Microsoft's Internet Explorer was the uncrowned king back in 2008 with Mozilla's Firefox snagging away half a percent or so from IE's market share each month. Mozilla in that year released Firefox 3.0, a controversial version of the browser that divided the browser's user base into the Firefox 2.x and 3.x camp. Microsoft released Internet Explorer 8, a version of the browser that still fell short in many areas even though it was seen by many as a huge improvement over the company's previously released Internet browsers.

And in that year came the first public release of Google Chrome for Windows, and with it fundamental changes to the web browser landscape. Chrome's impact in the browser's first year of existence was limited, and while Google managed to increase the market share over the important 1 percent mark in 2008, it took the company another year to surpass Opera and Safari to take the coveted number three spot for the first time near the end of 2009.

Rapid-release Process

This was the time when Google started to release new versions of the browser more frequently, something that was unheard of before with Microsoft, Mozilla or Opera taking their time to release new major versions of their browsers. Mozilla, for instance, released 19 updates to Firefox 3.0.x, of which some were even issued after the major Firefox 3.5 and 3.6 versions landed in 2009 and 2010 respectively.

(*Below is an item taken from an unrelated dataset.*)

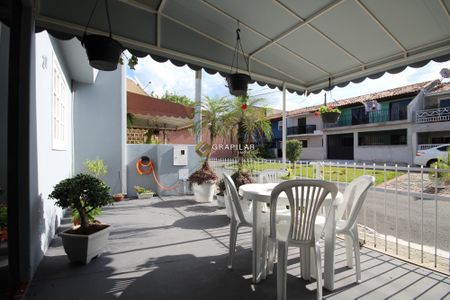 5_photo/94dce31e99.565d65a6458b6ca1-ATLAS-1c9e5c99-96e3-47e1-ae72-2fb2ec56b41b.jpg de casa à venda com 3 quartos, 80m² em Fazendinha, Curitiba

The version jumps were so rapid that Google Chrome passed Microsoft's Internet Explorer with the release of version 9 in February 2011, and less than 4 months later the Opera 10 browser by releasing Chrome 11 in April 2011. Fast forward a year and four months and we are at Google Chrome 21, the current stable version of the browser.

Mozilla in that time switched to a rapid-release process of its own after the final release of Firefox 4 in March 2011. The developers of the browser, unlike Google, continued to support previous versions of Firefox for some time after a new major version release. This pleased a group of Firefox users who did not want to switch to newer versions, but had the ill-effect of furthering fragmentation of the browser's user base.

The rapid release-process had another effect on the majority of Internet users. The version of the browser became less important, especially in the case of Chrome, with its near silent update system. Even more troubling was that even experienced Internet users and reporters seem nowadays to have lost interest in keeping up with browser updates and the changes they bring with them.

Who Cares Which?

This becomes apparent when you try to find information about a particular Chrome version and its changes. While you will eventually find the Google Chrome Releases Blog, you will notice that many tech sites remain silent about browser updates or only mention the update in a short post -- unless a version includes a major new feature that is worth looking more closely at. If you are a BetaNews regular you know that this is exactly how Chrome releases are handled here on the site.

A core reason for the disinterest can be found in the fact that versions are not important anymore for the majority of Internet users. The name of the browser is now more important than the version when it comes to compatibility with websites and features that it supports.

The only situation where versions become important again is if a new version breaks or changes a feature in the browser. This is not really happening for Chrome users that much, but Firefox users had to cope with major changes to the browser's interface or extension compatibility in the past after updates.

Version Fatigue

Version fatigue may have something to do with it as well. With that many major version releases in a year, it is difficult to keep up with and distinguish between versions. Can you list the major changes from Firefox 12 to 13, or Chrome 17 to 18? I know I can't, and it is likely that the majority of users out there can't as well. I can still name the major changes from Firefox 3.x to 4.x or from Firefox 2.x to 3.x though.

A simple question to end: Without looking, do you know your browser's name and version? And if you do, can you name at least one feature change that was introduced in the last major update?

What's your take on browser versions in general? Has your perception changed in past years?